Paulson disclosed the sale of his stake less than a week after Sino-Forest Chief Financial Officer David Horsley said the hedge-fund manager had been “very supportive, giving us suggestions” on dealing with Block’s allegations. Sino-Forest shares have lost C$3.8 billion in value since Block’s report.

Allen Chan, Sino-Forest’s chairman and chief executive officer, has denied the allegations from Muddy Waters. He established an independent committee to investigate and appointed PricewaterhouseCoopers LLP to assist.

April Emspak, an external communications adviser to Sino-Forest, said company executives weren’t immediately available to comment on Paulson’s sale.

Orient Paper

Orient Paper Inc., target of a critical Muddy Waters report last year, urged overseas-listed Chinese companies to increase transparency to combat short sellers. Orient Paper’s shares are languishing 60 percent below their price before Block’s allegations, even after a four-month probe by Loeb & Loeb LLP, Deloitte & Touche Financial Advisory Services and TransAsia Lawyers found no evidence to support the claims.

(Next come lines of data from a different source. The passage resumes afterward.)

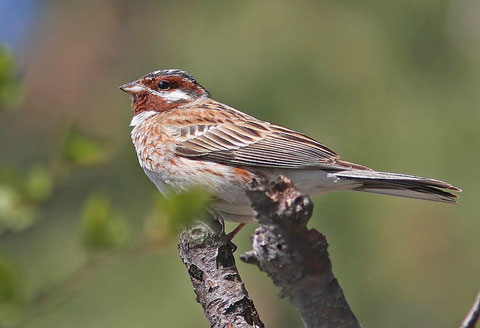 http://www.birdskorea.org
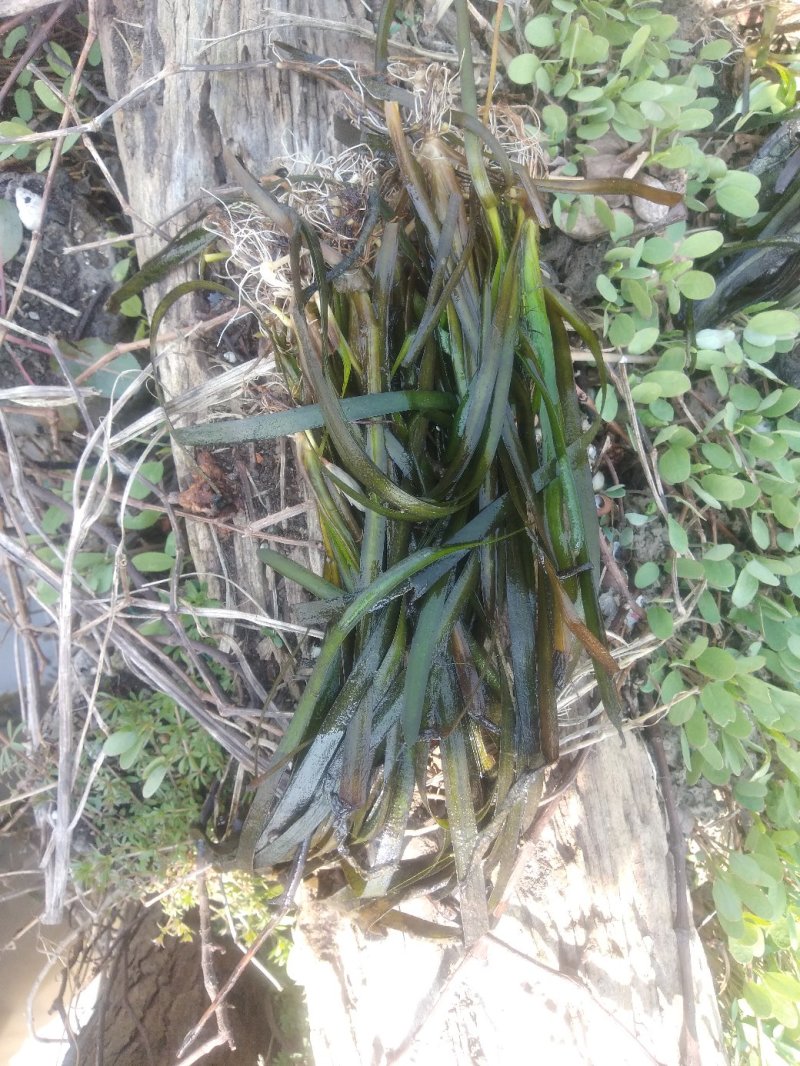 矮生苦草、高度30-40厘米。。。。。。。。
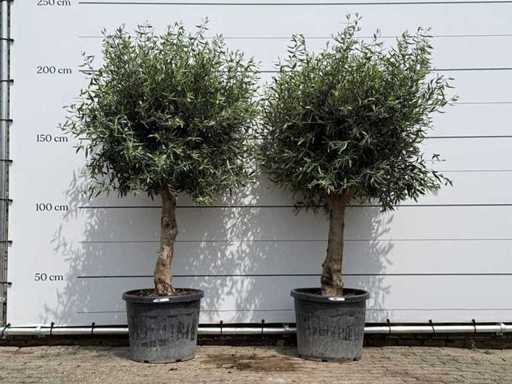 2x Olijfboom bolvorm - Olea Europaea - ca. 40 jaar oud - hoogte ca. 220 cm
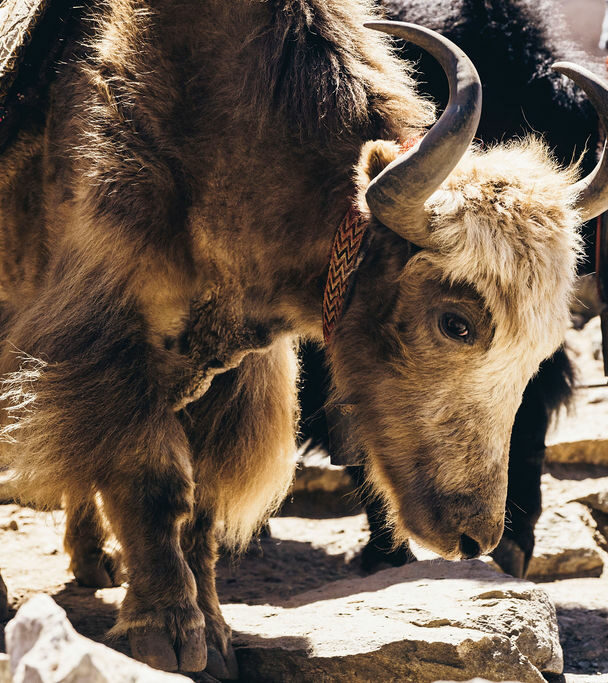 Rugged luxury Everest Base Camp Trek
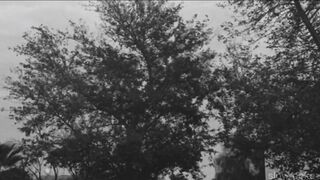 nf - let you down (slowed down).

Chinese companies “should conduct the third-party independent investigation like we did, they should do it even better than us in order to shut others’ mouths,” Liu Zhenyong, chairman and CEO of Baoding, Hebei-based Orient Paper, said yesterday in a telephone interview.

Paulson Fund Rebound

Paulson rebounded from similar losses last year, when the Advantage Plus fund gained as much as 18 percent, depending on the share class, after falling 11 percent in the first eight months.

“Over the past five years Paulson has been considered the top hedge-fund manager in the industry,” said Don Steinbrugge, managing partner of Agecroft Partners LLC, a Richmond, Virginia-based firm that advises hedge funds and investors. “This mistake in his portfolio will show he is not infallible, but he will still maintain the reputation of being one of the top players.”

Paulson has been betting on an economic recovery by 2012, which is why he’s been bullish on U.S. banking stocks. Citigroup Inc., Paulson’s third-largest stockholding according to a regulatory filing, has dropped 19 percent this year, and Bank of America Corp., the firm’s fifth-largest stake, is down 21 percent.

Paulson told investors in a letter in late 2009 that Bank of America may almost double over the next two years. The stock has lost about a third of its value since then.